And no doubt God’s grace worked and grew in him all those painful thirty years.
This is evident in how he heroically chose to give up his life for the Faith.
Between 1899 and 1901, the Boxer Rebellion broke out in
China. The rebels sought to expel the Western colonialists from China, and
Christianity was considered a Western religion. A persecution broke out against
the Christians. St Mark Ji was arrested in 1900, together with his family. He
was asked to abandon the Faith, but he refused and so was sentenced to death together
with many other Christians including his son, six grandchildren and two
daughters-in-law.
He begged his executioners to kill him last. This way he comforted and encouraged his family members as they were decapitated one by one. Lastly, he too was martyred, and was heard to chant the Litany of the Blessed Virgin Mary in his last moments.
Christ taught us that “apart from me, you can do nothing”
(John 15:5). This is ever-so-apparent when one has a habitual vice like addiction that
constantly plagues them. There is even more confusion when they approach
the Lord through prayer and Sacraments and still see not effect, no change.

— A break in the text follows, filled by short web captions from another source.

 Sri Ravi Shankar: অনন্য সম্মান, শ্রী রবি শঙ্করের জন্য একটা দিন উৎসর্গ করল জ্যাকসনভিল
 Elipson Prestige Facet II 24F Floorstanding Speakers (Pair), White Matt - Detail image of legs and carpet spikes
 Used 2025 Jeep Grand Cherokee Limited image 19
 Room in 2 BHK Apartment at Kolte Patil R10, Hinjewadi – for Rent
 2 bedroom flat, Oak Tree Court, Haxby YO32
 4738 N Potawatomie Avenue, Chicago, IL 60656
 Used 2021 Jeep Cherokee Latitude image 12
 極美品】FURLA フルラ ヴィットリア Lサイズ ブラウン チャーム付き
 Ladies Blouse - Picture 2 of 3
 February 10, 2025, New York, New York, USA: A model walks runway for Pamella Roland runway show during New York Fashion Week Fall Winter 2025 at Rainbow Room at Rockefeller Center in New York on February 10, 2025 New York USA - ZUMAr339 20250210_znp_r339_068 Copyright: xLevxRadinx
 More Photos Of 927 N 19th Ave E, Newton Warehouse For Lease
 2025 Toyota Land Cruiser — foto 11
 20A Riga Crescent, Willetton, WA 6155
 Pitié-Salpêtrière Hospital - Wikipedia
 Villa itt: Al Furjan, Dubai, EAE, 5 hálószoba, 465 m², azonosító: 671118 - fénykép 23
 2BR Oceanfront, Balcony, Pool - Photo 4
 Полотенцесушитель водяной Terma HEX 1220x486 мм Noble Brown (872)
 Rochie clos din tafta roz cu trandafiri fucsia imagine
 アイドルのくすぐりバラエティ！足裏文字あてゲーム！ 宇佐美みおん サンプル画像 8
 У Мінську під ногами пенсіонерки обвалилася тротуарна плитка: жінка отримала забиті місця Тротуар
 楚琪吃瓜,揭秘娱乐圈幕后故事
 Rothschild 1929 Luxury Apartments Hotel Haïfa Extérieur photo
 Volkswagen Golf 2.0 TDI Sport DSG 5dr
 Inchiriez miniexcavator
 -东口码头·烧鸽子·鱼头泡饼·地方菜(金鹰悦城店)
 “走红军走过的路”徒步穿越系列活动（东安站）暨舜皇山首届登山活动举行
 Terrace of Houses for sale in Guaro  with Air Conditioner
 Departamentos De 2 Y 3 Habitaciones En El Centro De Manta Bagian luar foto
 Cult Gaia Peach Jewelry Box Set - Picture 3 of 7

From St Mark Ji, we learn that God’s ways are not our
ways (Isaiah 55:8-9). There are stories of people who have prayed to be
saved from an addiction, and their answer has come in a couple of years or even
months. For some, the answer never comes. St Mark Ji was one of those. He teaches us that even then,
we can still be saints because God can accomplish far more than we can ever
ask or imagine (Ephesians 3:20). All we have to do is to not make an idol
out of freedom, but to turn our eyes constantly to the Lord, however grueling it may be; to keep showing
up, keep praying, keep hoping, keep doing what we can. The mere desire to
be pleasing to God is enough. It is all he asks of us.
St Mark Ji Tianxiang was beatified in 1946 by Pope Pius XII,
together with over 100 companions (including St Augustine Zhao Rong). St John Paul
II declared them saints on October 1st, 2000, and we honor them each
year on July 9th.
St Mark Ji Tianxiang, pray for those who suffer from addiction; pray for us.